Asked whether the overhaul’s legislation had been thwarted by the protest movement, Deri said: “Of course the protests stopped the pace of legislation that was intended.
“There is now no advancement at all of the judicial reform,” he acknowledged, adding that there were negotiations with the opposition about passing limited bits of the overhaul alongside a substantial freeze of the rest of the bills.
“Should we use our majority of 64 seats and advance this reform and say, ‘We were elected by the public,’ and not take the minority into account? I think not,” he said.
However, he added, “I haven’t yet seen a leader in the opposition — not [National Unity party leader Benny] Gantz or [party members Gadi] Eisenkot or [Gideon] Sa’ar — come and say there is a great danger here, and we are coming and entering the [negotiations] room.”
In 2019, Deri famously gave his personal guarantee to Gantz that Netanyahu would honor a power-sharing coalition deal between the two which Gantz had put his political neck on the line in order to sign. Netanyahu later did not honor that agreement, making it clear he was planning to exploit a loophole in the agreement to call early elections, rather than let Gantz get a turn at the premiership, and prompting the latter to dissolve the government. Deri failed to intervene.
If no agreement is reached soon with the opposition, Deri said the coalition should unilaterally advance what it estimates to have likely been agreed upon had the compromise talks succeeded — including some sort of legislation freeze.
“The Haredi parties support the prime minister on a freeze or a settlement on the reform… we too have a responsibility to calm the spirits,” he said.
Deri acknowledged serious issues with the way the process had gone so far, though he indicated that better PR could have changed that.
“It’s clear that the protests gave us a different viewpoint,” he said. “Look, the easiest thing is to say ‘I have a majority and I’m voting.’ But anyone who has responsibility must look at the full picture, what’s happening here, around the world, in the military, and understand the source of these fears… We probably didn’t know how to market this correctly.”

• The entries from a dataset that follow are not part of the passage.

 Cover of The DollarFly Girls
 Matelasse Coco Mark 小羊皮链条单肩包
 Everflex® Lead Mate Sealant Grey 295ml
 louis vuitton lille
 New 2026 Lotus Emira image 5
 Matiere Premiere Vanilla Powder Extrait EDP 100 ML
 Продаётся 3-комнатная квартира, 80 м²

“The shape the reform took, the makeup of the government and the comments by all sorts of people who led this reform caused very many people to experience fear. It created huge trauma as if there is an intentional plan to create a new type of regime here,” he said.
However, Deri also refused to commit to honoring High Court rulings on legislation related to the overhaul. Many in the coalition have refused to do so regarding the potential annulment of the reasonableness law, the first and so far only overhaul law to be passed.

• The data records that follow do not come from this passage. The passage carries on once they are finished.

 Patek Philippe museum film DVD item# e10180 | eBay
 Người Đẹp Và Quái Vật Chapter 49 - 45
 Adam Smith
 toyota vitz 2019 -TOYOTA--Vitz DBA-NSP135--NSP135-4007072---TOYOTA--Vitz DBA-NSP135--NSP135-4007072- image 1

Deri also claimed he was no longer pursuing a return to the cabinet, a day after the coalition went to the mat with the High Court to defend the reasonableness, highly controversial legislation that was thought to be partially intended to pave his way back.
Deri noted that he has not moved to rejoin the government since the coalition passed the law in July, shackling the court’s ability to declare his appointment unreasonable. (The court also cited other considerations when it voided his appointment in January, meaning rejoining could still be difficult).

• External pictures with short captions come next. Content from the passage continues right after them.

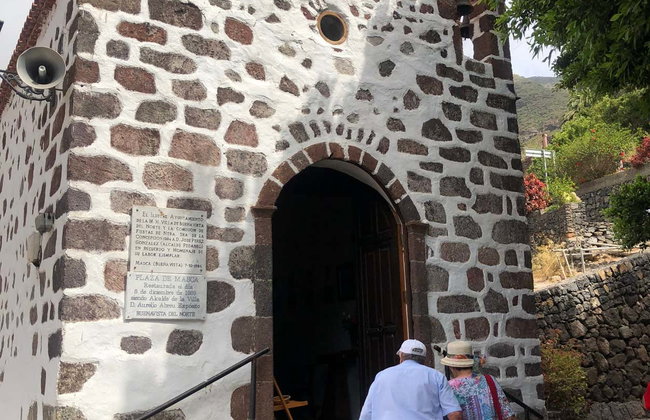 Escursione a Candelaria, La Orotava, Garachico e Masca - Foto 7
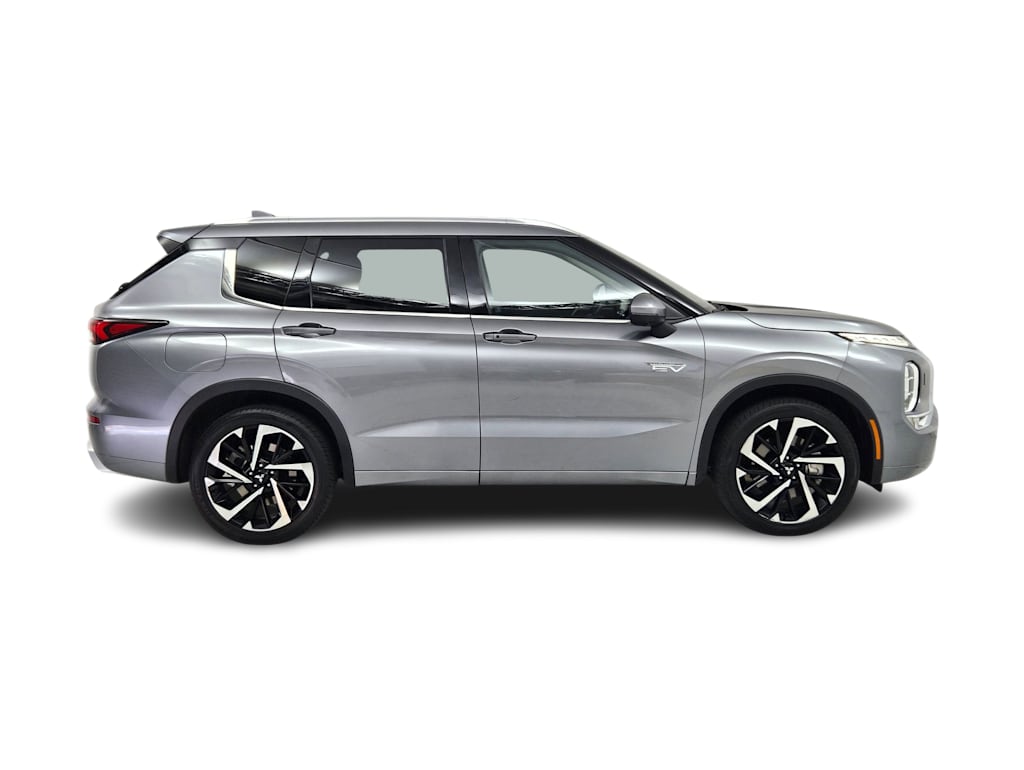 2023 Mitsubishi Outlander SEL 22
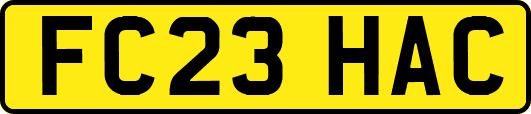 FC23HAC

“I could use it, we voided [the reasonableness test], but no, categorically no,” he said, adding that he also would not be pursuing a new version of the so-called Deri law, which had been meant to keep the court off his back.
That bill, an amendment to Basic Law: The Government, would prohibit all courts from exercising judicial review over ministerial appointments.
Deri’s appointment as interior and health minister was shot down in January, when judges ruled that appointing a man with multiple criminal convictions for financial offenses as a minister was “unreasonable in the extreme.” It also said Deri had previously misled a court into believing he would leave public life in order to secure a plea deal in his latest trial, and the justices also cited this, nullifying the appointment under the doctrine of “estoppel.”
Rather than rejoin the government, Deri said he would work on internal party campaigning, saying the party has five fine ministers.
“I have no interest in returning to the cabinet or government,” he said.